## TASK PROMPT:
Pick out the lines below that contain the string "Property" and copy them all.
[Opening AVAILABLE RECORDS section]
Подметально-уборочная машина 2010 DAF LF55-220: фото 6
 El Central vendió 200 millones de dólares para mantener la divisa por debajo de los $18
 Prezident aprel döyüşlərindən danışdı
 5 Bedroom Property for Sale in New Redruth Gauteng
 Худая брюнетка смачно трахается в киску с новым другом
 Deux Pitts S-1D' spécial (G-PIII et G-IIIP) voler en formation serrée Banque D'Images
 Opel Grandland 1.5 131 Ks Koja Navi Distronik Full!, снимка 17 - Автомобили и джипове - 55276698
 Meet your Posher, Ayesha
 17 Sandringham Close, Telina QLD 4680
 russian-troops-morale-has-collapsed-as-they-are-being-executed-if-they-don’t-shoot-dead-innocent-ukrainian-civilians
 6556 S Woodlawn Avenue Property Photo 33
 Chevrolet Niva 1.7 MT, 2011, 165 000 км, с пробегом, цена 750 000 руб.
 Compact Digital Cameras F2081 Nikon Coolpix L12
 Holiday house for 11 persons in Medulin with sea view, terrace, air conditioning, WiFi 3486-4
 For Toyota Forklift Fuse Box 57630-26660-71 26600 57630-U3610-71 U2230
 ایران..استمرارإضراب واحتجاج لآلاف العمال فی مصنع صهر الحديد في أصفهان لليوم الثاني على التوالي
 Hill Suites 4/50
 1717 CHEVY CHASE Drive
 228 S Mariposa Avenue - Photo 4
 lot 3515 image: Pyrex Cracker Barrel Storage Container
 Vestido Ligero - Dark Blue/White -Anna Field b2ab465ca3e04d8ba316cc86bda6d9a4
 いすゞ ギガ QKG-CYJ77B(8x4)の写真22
[Closing AVAILABLE RECORDS section]
## SOLUTION TO THE PROBLEM:
 5 Bedroom Property for Sale in New Redruth Gauteng
 6556 S Woodlawn Avenue Property Photo 33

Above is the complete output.